Por Silvério Filho, estudante de Direito

Embora um pouco atrasado, resolvi escrever algumas palavras sobre o que vi no comício de domingo, em São Paulo  do Potengi, com os candidatos  ao Governo e ao Senado, Henrique e Vilma, respectivamente. 

O comício, sem dúvidas, pelas lideranças que lá estavam, deixou a desejar em termos de público. Quanto a  isso não há discussão. A valoração que aqui cabe é em relação aos diversos paralelos possíveis entre os comícios anteriores que tinham a presença da “Guerreira” e este do último domingo. 

Vilma não era a das campanhas anteriores. Sem graça, a ex-governadora, sempre bem aclamada em nosso município, parecia não saber (mas ela sabia sim) o que estava fazendo em cima daquele mini-palanque-móvel. Aparentemente, não sabia onde estava.

Simples: ela mostrou-se pedindo voto para quem (supostamente, é claro) sempre combateu. Havia basicamente negligenciado aqueles que a apoiaram desde sempre em nosso município, para defender aqueles que sempre a criticavam e até xingavam-na. Encontrava-se “aos beijos a abraços” com aqueles que sempre lutaram contra os interesses políticos de seus (antigos) correligionários locais. Qualquer pessoa, com um mínimo de bom senso, ficaria constrangida diante de tamanha quebra de palavra e desrespeito com seus próprios eleitores. 
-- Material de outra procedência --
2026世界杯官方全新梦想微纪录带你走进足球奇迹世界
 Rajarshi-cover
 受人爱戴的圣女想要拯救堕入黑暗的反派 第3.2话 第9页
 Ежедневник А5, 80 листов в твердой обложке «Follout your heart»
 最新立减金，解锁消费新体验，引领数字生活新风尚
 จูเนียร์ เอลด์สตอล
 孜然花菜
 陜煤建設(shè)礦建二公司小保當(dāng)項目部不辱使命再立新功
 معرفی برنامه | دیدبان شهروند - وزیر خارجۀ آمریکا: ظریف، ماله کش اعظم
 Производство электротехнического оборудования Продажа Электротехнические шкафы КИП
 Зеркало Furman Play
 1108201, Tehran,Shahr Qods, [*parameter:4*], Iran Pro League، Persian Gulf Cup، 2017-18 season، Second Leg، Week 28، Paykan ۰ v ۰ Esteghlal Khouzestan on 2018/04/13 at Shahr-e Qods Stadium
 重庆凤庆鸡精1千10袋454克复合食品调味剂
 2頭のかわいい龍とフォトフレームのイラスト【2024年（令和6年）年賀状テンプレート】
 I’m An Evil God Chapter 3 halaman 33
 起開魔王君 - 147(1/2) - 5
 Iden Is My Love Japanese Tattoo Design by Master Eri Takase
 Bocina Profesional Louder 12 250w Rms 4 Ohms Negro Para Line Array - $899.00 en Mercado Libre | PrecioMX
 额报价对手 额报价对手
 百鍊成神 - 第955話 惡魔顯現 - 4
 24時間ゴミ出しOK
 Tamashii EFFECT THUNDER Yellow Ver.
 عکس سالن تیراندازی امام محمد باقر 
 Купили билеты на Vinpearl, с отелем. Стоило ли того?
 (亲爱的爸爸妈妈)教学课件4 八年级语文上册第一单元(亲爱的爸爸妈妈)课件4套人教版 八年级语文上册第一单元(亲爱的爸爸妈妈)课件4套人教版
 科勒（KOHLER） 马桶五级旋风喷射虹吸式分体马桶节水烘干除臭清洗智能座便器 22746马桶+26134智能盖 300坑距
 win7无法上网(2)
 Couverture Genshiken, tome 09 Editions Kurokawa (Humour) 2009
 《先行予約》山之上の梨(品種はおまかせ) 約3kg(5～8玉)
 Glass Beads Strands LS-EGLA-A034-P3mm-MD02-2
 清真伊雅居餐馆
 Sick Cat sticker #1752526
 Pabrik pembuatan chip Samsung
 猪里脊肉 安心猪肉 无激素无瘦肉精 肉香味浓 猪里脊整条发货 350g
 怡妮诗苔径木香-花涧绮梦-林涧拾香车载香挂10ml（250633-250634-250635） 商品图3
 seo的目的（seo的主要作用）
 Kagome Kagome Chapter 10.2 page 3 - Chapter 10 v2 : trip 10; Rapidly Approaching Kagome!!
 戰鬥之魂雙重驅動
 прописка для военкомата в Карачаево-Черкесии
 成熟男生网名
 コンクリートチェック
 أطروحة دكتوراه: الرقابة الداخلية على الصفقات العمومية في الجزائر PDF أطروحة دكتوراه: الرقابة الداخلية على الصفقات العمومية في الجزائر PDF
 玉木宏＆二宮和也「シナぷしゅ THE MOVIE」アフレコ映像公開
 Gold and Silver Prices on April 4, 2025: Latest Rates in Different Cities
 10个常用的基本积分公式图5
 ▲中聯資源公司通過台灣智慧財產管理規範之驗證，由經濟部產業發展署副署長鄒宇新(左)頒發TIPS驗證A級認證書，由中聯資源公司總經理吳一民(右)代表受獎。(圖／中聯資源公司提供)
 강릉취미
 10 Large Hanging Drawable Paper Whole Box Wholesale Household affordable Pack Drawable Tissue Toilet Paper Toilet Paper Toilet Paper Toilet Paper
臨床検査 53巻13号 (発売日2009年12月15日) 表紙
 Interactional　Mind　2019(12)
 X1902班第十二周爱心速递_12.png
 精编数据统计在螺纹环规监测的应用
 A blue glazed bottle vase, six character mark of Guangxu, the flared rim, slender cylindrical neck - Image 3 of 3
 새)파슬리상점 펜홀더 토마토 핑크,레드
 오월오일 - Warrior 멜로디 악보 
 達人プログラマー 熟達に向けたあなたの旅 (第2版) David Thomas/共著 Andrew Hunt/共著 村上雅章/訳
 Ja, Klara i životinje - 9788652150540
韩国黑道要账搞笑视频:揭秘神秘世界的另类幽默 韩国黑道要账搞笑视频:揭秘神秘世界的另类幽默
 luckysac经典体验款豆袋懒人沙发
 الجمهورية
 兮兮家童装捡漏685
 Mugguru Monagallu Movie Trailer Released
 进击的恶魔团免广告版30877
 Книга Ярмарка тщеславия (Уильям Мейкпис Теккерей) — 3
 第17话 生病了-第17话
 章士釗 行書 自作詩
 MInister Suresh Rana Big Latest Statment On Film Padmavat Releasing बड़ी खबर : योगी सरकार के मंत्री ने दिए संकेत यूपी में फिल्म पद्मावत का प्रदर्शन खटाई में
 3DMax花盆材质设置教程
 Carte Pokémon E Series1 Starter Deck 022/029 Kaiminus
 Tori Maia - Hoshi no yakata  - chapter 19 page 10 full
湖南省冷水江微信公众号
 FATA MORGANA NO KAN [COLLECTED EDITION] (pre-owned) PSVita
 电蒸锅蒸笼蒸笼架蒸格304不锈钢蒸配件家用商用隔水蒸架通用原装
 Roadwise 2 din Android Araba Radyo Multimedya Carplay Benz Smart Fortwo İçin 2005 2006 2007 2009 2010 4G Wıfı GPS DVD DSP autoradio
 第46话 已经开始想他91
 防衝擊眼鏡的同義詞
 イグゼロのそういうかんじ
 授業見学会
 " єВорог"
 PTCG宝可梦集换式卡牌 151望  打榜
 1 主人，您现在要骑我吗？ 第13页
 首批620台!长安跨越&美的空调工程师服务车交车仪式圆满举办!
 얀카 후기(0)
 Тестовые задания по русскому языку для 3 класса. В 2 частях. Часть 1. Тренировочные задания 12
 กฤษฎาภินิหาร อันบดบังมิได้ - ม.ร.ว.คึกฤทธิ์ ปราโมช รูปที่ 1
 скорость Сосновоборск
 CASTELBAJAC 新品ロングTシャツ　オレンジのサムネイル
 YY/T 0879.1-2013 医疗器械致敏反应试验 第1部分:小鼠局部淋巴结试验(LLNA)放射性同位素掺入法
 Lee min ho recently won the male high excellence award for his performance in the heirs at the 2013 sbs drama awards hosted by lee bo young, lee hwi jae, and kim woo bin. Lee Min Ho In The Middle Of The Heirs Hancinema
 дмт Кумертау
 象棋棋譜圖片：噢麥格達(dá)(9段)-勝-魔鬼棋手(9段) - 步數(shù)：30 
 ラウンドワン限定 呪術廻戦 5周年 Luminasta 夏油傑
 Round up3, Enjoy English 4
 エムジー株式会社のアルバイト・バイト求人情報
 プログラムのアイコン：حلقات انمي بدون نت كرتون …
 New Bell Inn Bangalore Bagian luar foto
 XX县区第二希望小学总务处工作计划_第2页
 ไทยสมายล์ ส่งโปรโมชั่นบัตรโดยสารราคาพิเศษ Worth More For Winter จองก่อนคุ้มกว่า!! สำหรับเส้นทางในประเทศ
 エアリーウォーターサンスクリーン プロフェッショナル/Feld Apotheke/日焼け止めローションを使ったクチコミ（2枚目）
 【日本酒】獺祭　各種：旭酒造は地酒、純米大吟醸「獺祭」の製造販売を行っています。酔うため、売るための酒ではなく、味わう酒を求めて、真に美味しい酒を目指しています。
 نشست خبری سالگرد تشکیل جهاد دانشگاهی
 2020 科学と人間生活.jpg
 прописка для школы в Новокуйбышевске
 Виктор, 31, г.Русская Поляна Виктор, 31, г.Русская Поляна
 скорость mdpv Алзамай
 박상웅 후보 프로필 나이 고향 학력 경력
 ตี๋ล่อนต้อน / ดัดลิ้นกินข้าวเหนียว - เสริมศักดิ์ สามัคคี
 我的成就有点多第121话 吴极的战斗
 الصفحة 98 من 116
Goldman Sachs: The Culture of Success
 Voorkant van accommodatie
Não bastasse isso, Vilma parecia (pelo menos essa foi a minha impressão) apertar um pouco os olhos, como quem quer enxergar mais longe. Possivelmente ela procurava o “levanta-levanta”, tradicionalmente feito por milhares de pessoas na Avenida Bento Urbano, em suas visitas ao nosso município. Talvez, ao não vê-lo, ela finalmente tenha se dado conta de que não terá mais o “mar vermelho” de outros tempos em seu apoio, mas sim terá de se acostumar com águas de outras cores, não tão transparentes, e em menor quantidade.

Ela com certeza preferiria que aquela Bento Urbano vazia que recebeu a ela e a Henrique fosse apenas uma miragem. Felizmente, não era.